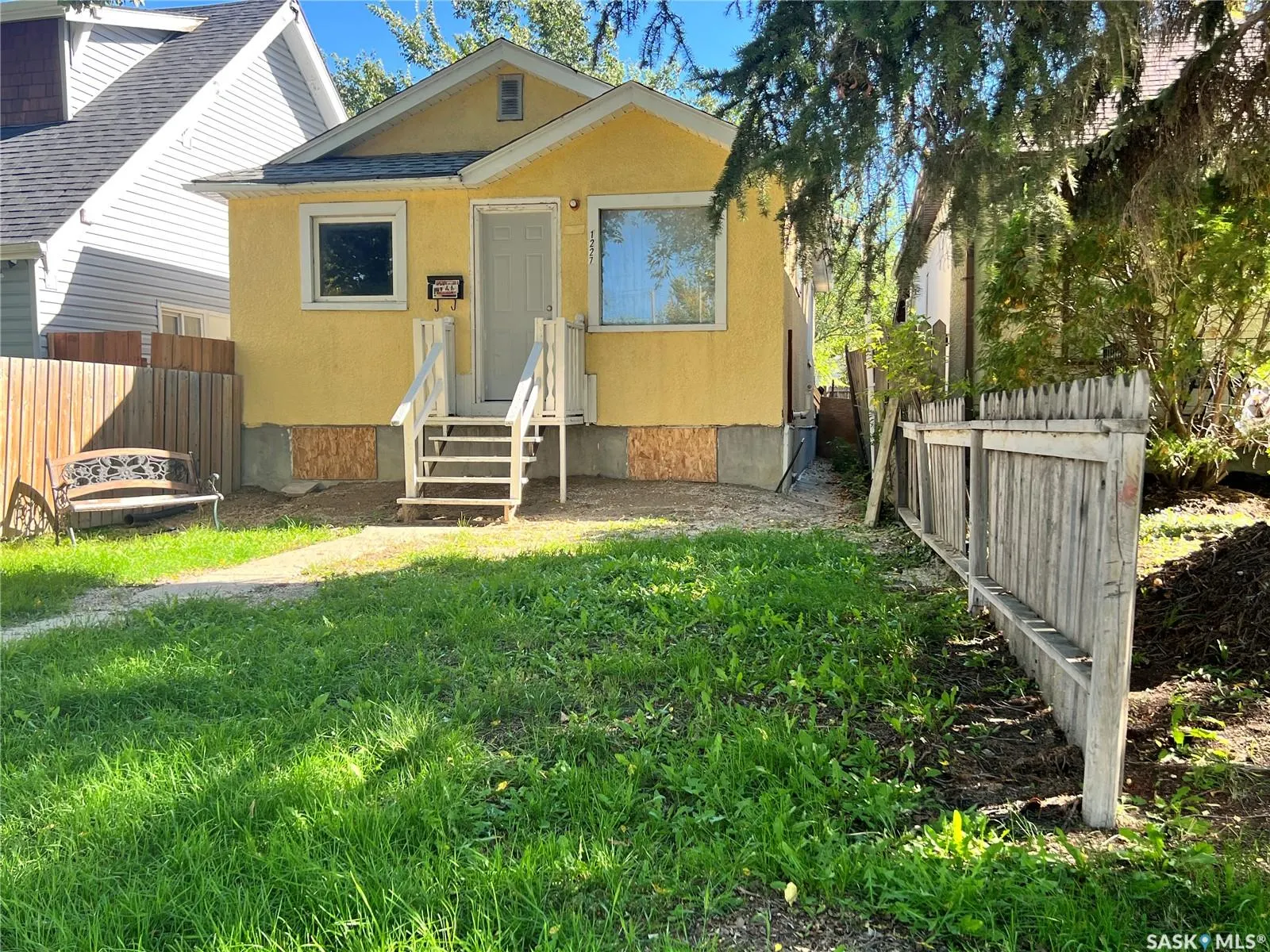1227 Wascana STREET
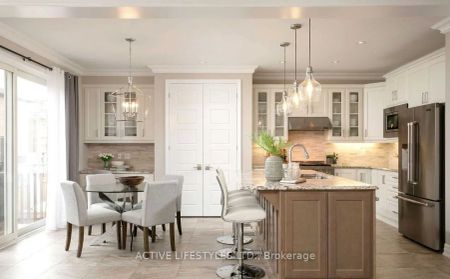 Detached Home For Lease | W9250779 - Photo 4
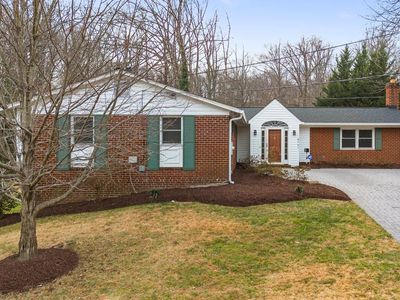 8701 Cromwell Dr, Springfield, VA, 22151
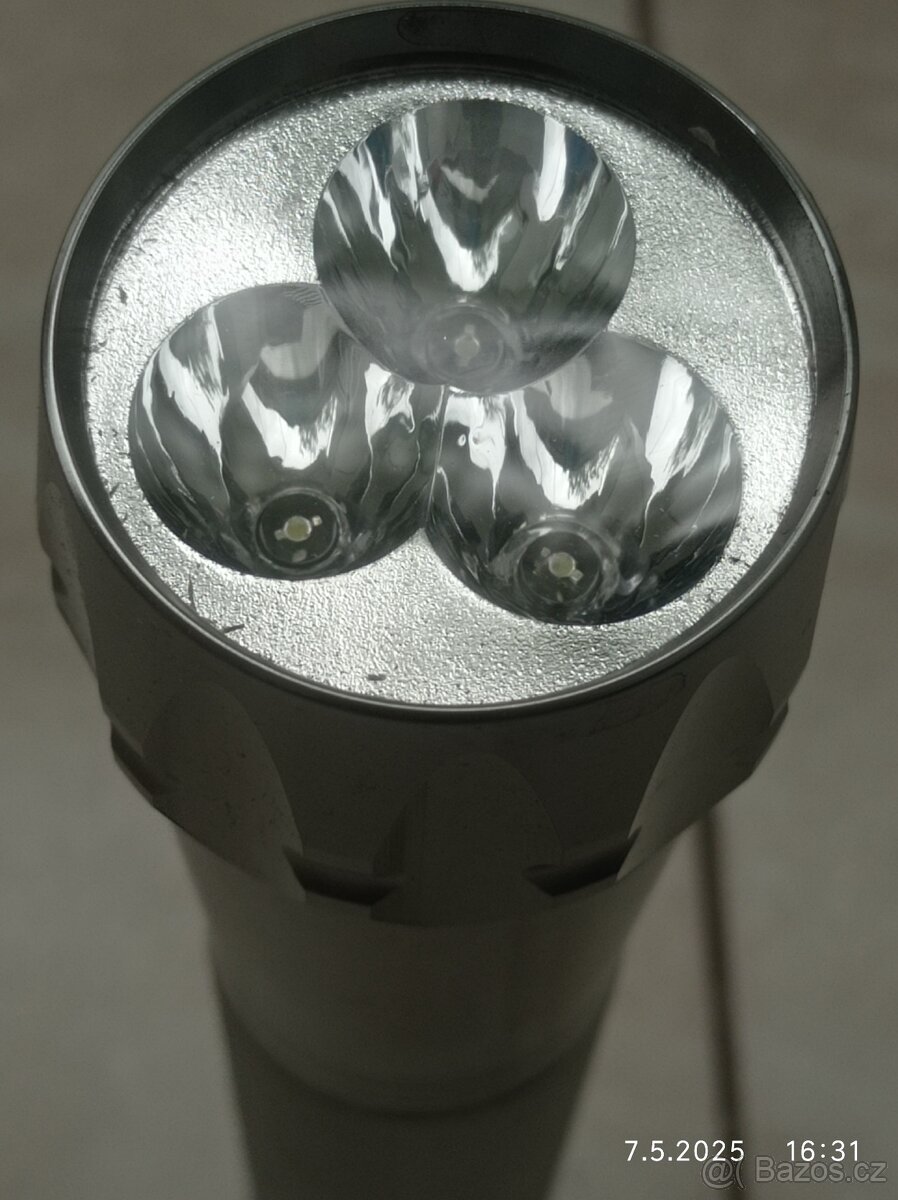 baterky a nabíječka - 8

- WORK INSTRUCTIONS -
In your output, include only the lines from the line containing "8701 Cromwell Dr, Springfield, VA, 22151" through the last line of the material above, exactly as they appear, and leave out the pictures.

- TASK ANSWER -
 8701 Cromwell Dr, Springfield, VA, 22151
 baterky a nabíječka - 8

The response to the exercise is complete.